Kids these days are awesome! Yesterday I did a guest lecture about fanworks and copyright for a group of foreign students at Kansai University. I didn't get far before an older member of the audience raised her hand and asked about this
fansubs thing she'd heard about. So I explained in brief, and the teacher was intrigued. She interrupted the lecture to have the students pair up and discuss what they think of fansubs, and how they might solve the problem: fans want their anime quickly and are unimpressed with the copyright implications, but the industry isn't able to provide said anime with the desired speed and translation quality. Most of the students knew what fansubs are and had watched them. However, they were unaware of efforts like the
Digital Manga Guild, a company that recruits capable fan translators to have them work on official translations of
manga, light novels, and doujinshi - which is basically an attempt to legally harness the energy of fans who do scanlations, the manga equivalent of fansubs.
After two minutes, at least three student groups had independently come up with the innovative business model of the Digital Manga Guild. These were all people of about 20 who had no background whatsoever in economics or digital commerce; they arrived at their conclusions based on their experiences as anime fans, and basic common sense.

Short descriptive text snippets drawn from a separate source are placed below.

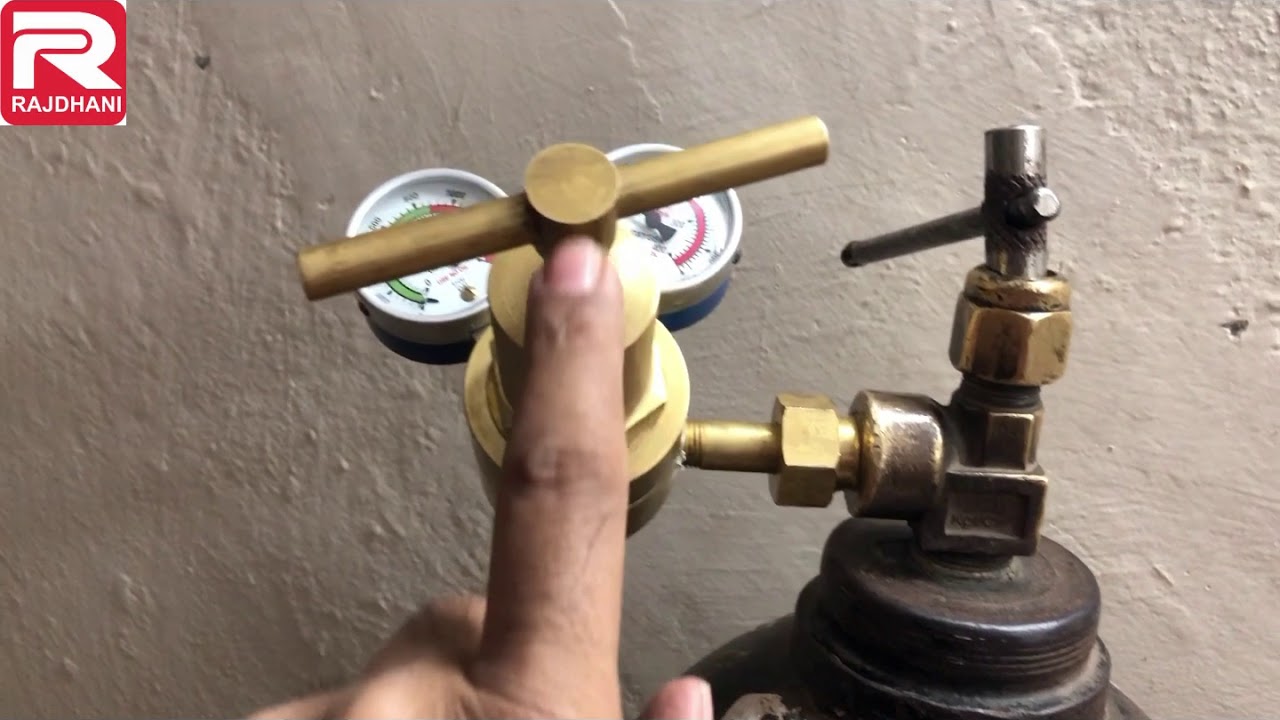 How to fill Oxygen in Bomb of Bomb Calorimeter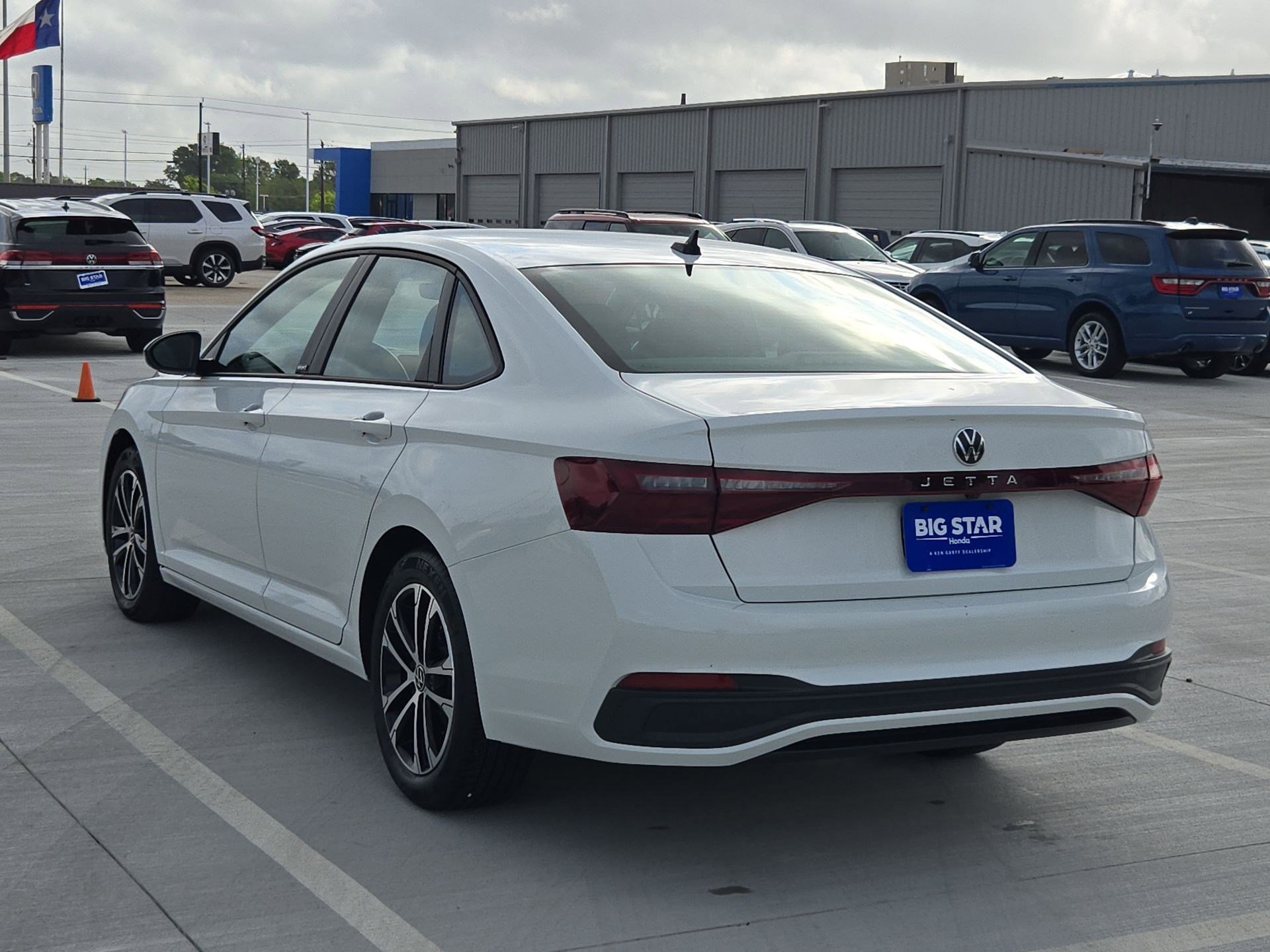 Used 2025 Volkswagen Jetta Sport image 6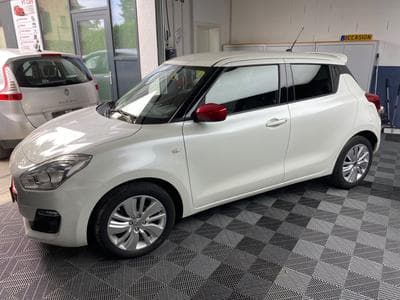 Suzuki Swift 1.0 essence (2018) - Photo 1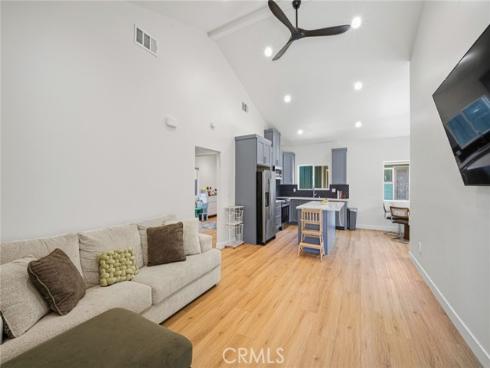 422 W Amerige Avenue, Fullerton, CA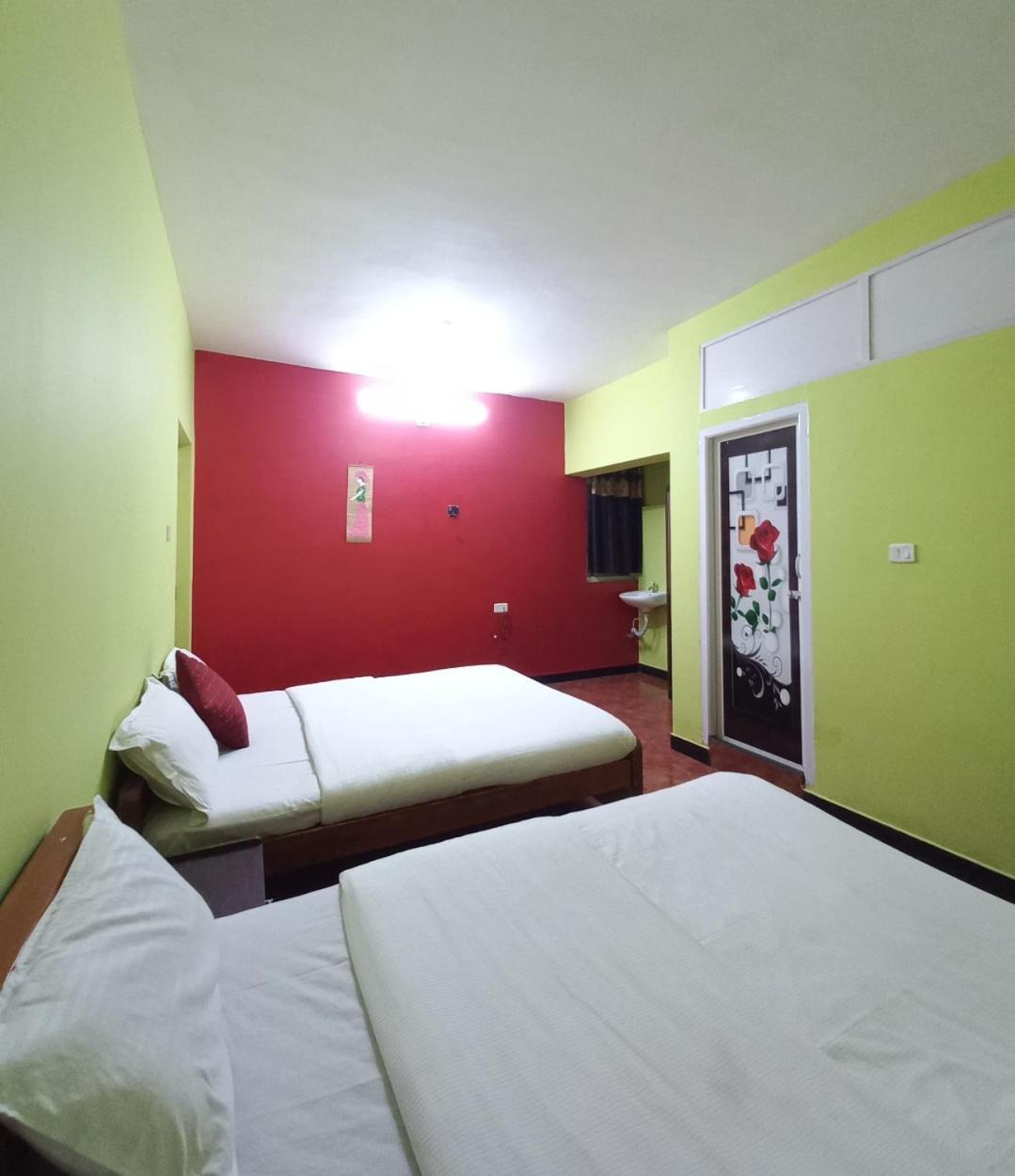 Smile Stone Individual Cottage Ooty Εξωτερικό φωτογραφία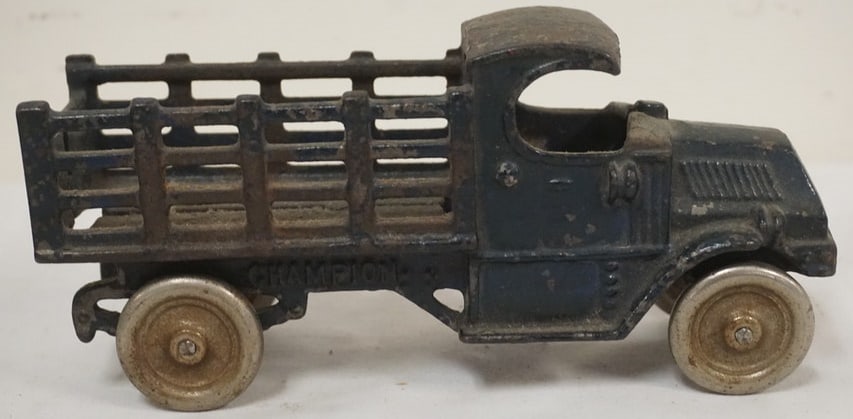 ANTIQUE CAST IRON TOY (1 of 3)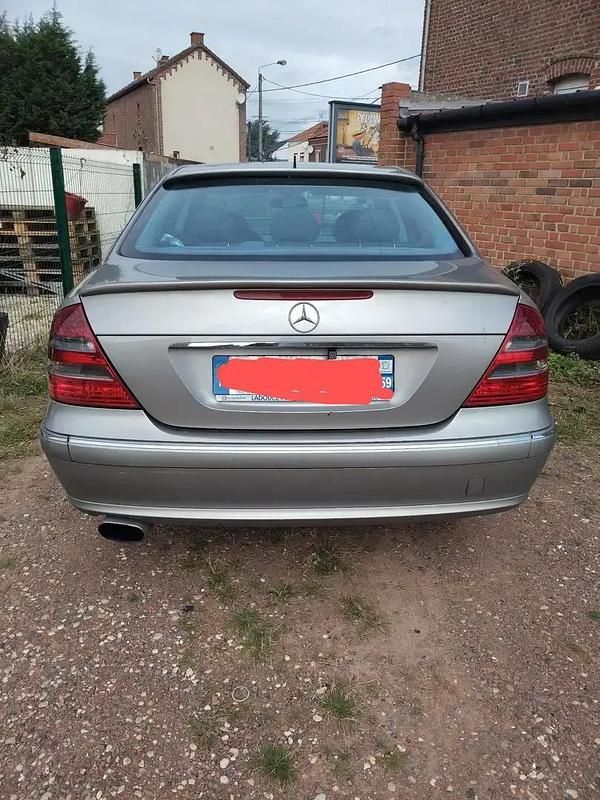 Occasion Mercedes E220 Avantgarde 136 ch (100 kW) 2002 Berline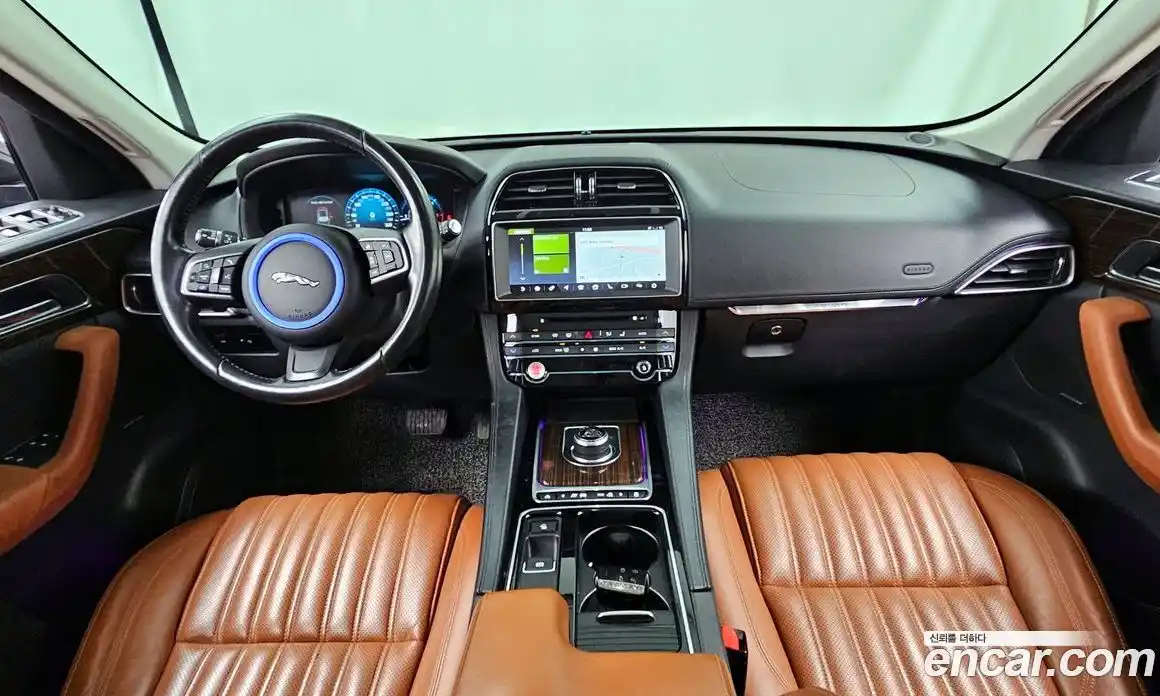 Jaguar F-Pace 2017 2.0 Автомат в Москве № 335831, фото 9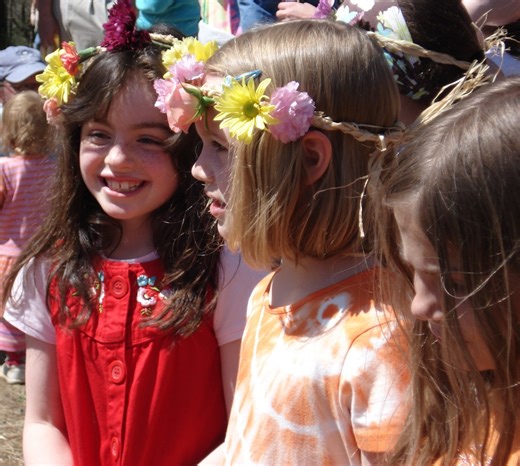 Fingerplay Benefits for Children: Unlocking the Learning Potential in Your Young Child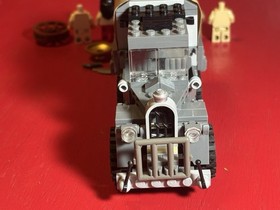 Lego Indiana Jones Minifigure, Parts & Vehicle Lot: From Sets 7622, 7195, 77012.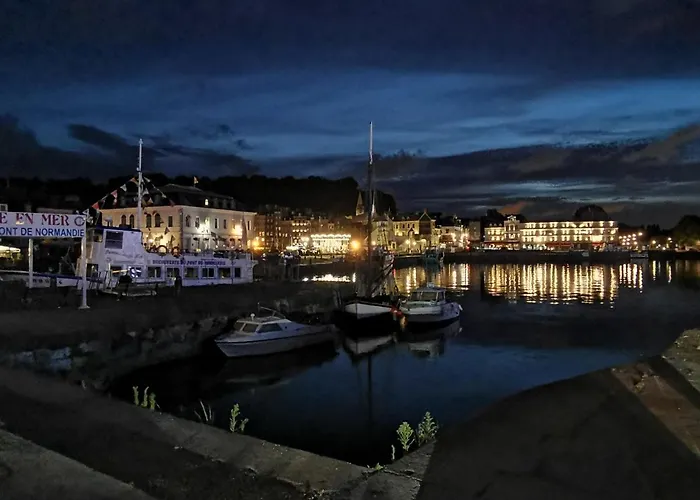 Phare Des Impressionnistes Apartment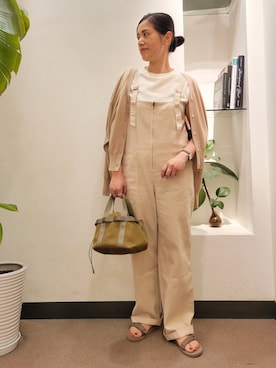 「EKAL（エカル）のアイテム（オールインワン・サロペット）」を使った、emiinamiiさん（レディース・164cm）の夏コーディネート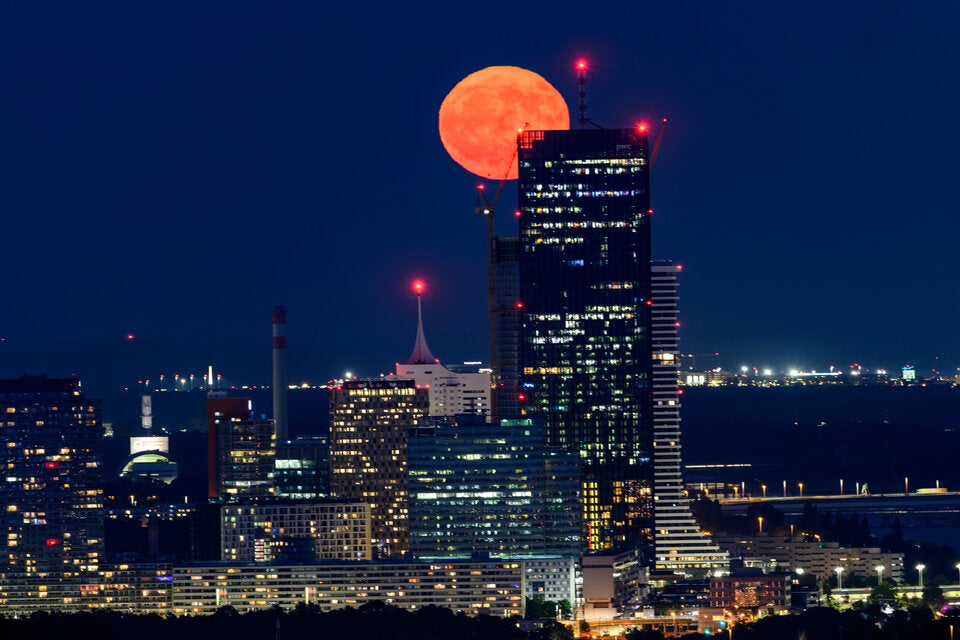 Erdbeermond am Himmel über Österreich: Die besten Bilder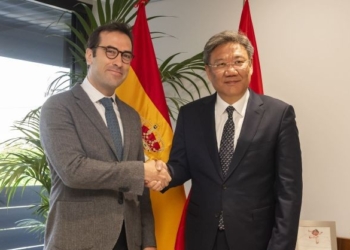 Carlos Cuerpo también viajará próximamente a China, al igual que Pedro Sánchez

I'm going to keep this afternoon in mind the next time I get into a Twitter discussion with people who think that fans who make and consume fansubs and scanlations are all immoral people who aren't "real fans". If a couple of random fans need only minutes to hash out the sticky legal issues related to fansubs/scanlations and invent a completely fair practical solution, I'm pretty sure they're not as immoral and unreasonable as some commentators make them out to be.
ETA: Randomly pointing out
Fast Manga, a company that tries to streamline communication between manga artists in Japan and customers overseas who want something in manga format. Not familiar with this one yet, but I can see some fannish applications there - and innovative platforms FTW.